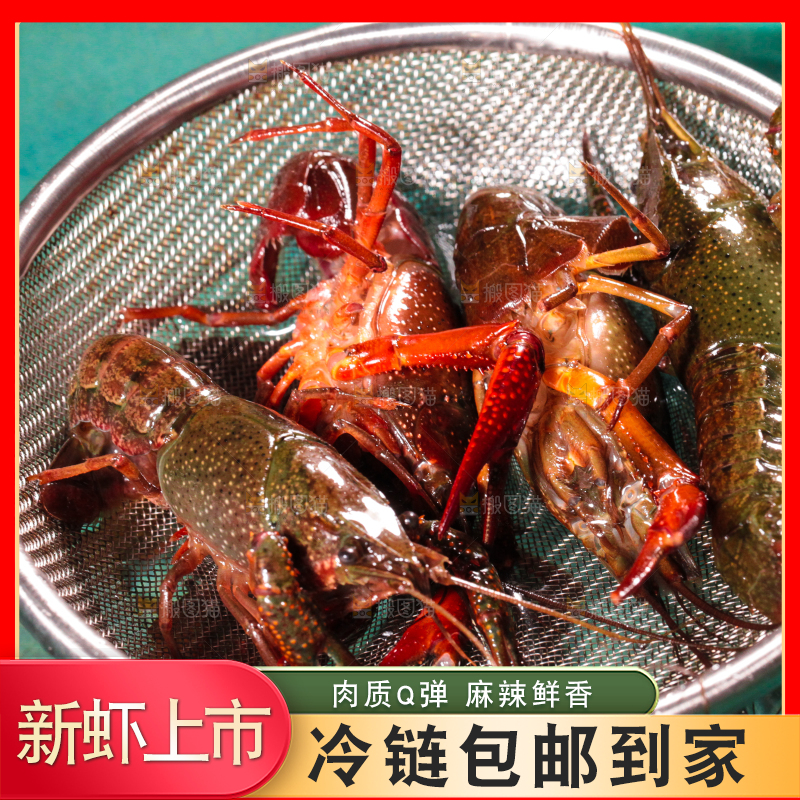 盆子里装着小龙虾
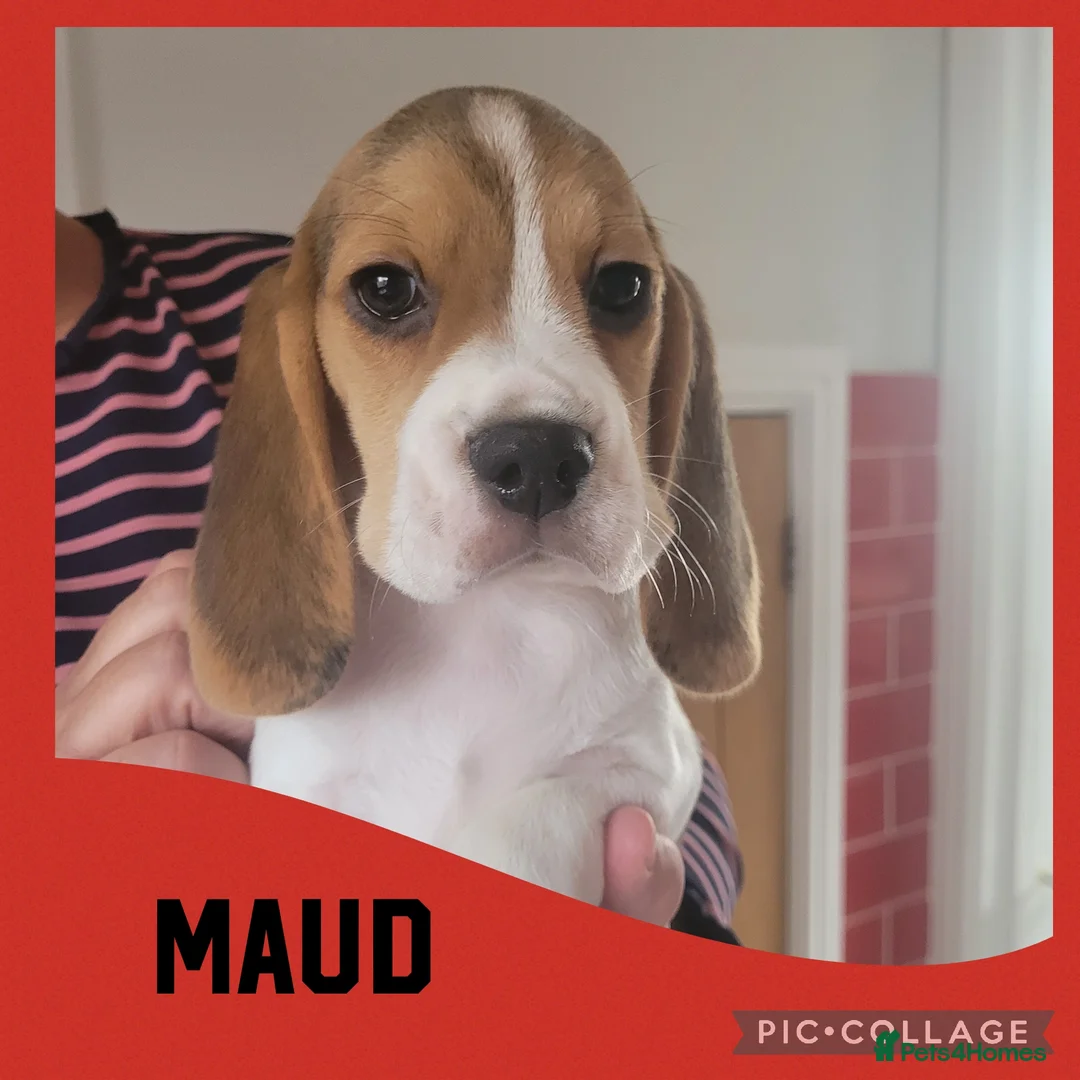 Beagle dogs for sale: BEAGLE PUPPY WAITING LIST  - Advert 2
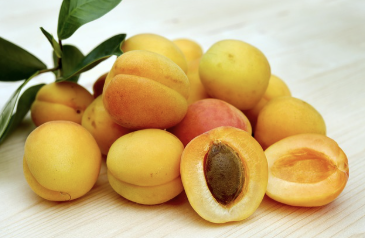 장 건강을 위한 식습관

┄┄┄┄┄┄┄┄┄┄

* Work to complete *
The data above should be set down again exactly, with the pictures omitted.

* Result of the task *
 盆子里装着小龙虾
 Beagle dogs for sale: BEAGLE PUPPY WAITING LIST  - Advert 2
 장 건강을 위한 식습관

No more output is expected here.